Thursday, May 14, 2020

Review: The Fifth Season



The Fifth Season is an epic story of survival in an unstable planet, oppressed by nature - Father Earth, and human against human. Earth is the main antagonist where seasons are separated between simmering volcanic, seismic, atmospheric and geomagnetic disturbances and utter devastation. Human mutants, orogenes, are used to subdue the violent earth, delaying the inevitable tide of cataclysmic extinction. The controlled environment known as the stillness allows a temporary beleaguered civility for its citizens,  but still the orogene’s power is feared and hated by the humans they protect and exploited by an elite ruling group known as the guardians. 

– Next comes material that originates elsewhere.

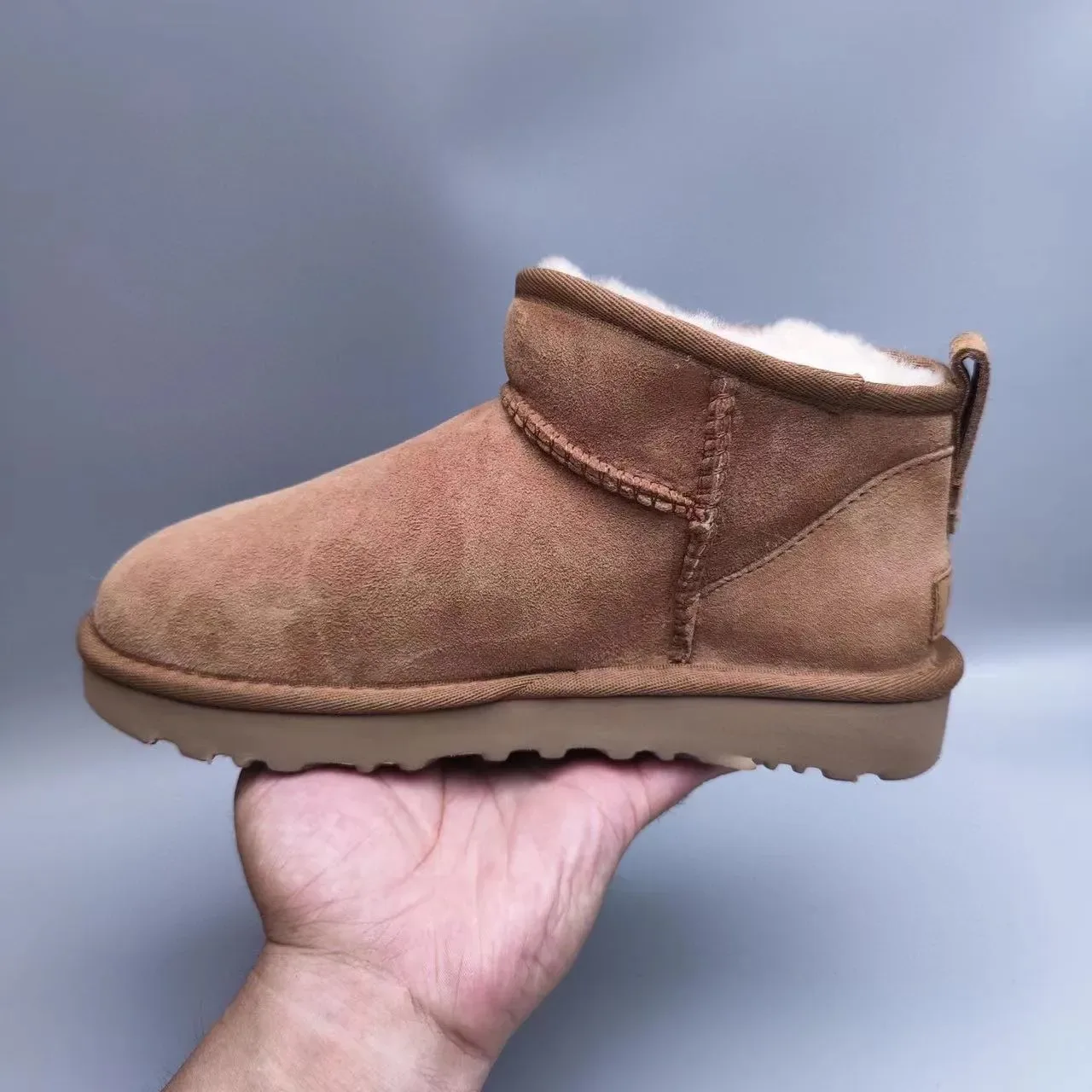 UGG क्लासिक मिनी चेस्टनट ब्राउन सूड शीयरलिंग लाइनड स्नो बूट 6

The Fifth Season spans three seemingly disparate times on Earth. All three protagonists are orogene women: the child, Damaya, being trained to properly develop her orogene powers; Syenite, a 4 ring orogene, who is sent on a mission with the experienced 10 ring orogene, Alabaster; and Essun, the older mother who leaves home to find her husband who murdered her son and took her daughter. There’s a secret in this multiple point-of-view story that surprises and enhances this epic story. Told in the second-person narrative, Jemisin effectively submerges the reader into her imagined future Earth that sits atop our own civilisation, long ago buried. Life barely survives a genocidal Father Nature where memories of honouring the once revered Mother Nature are long forgotten.

This bleak, savage world is akin to Cormac McCarthy’s The Road, where humanity is assaulting its own, even though life on Earth borders on extinction. However, unlike The Road, Jemisin offers a glimmer of hope for civilisation that nature can be changed.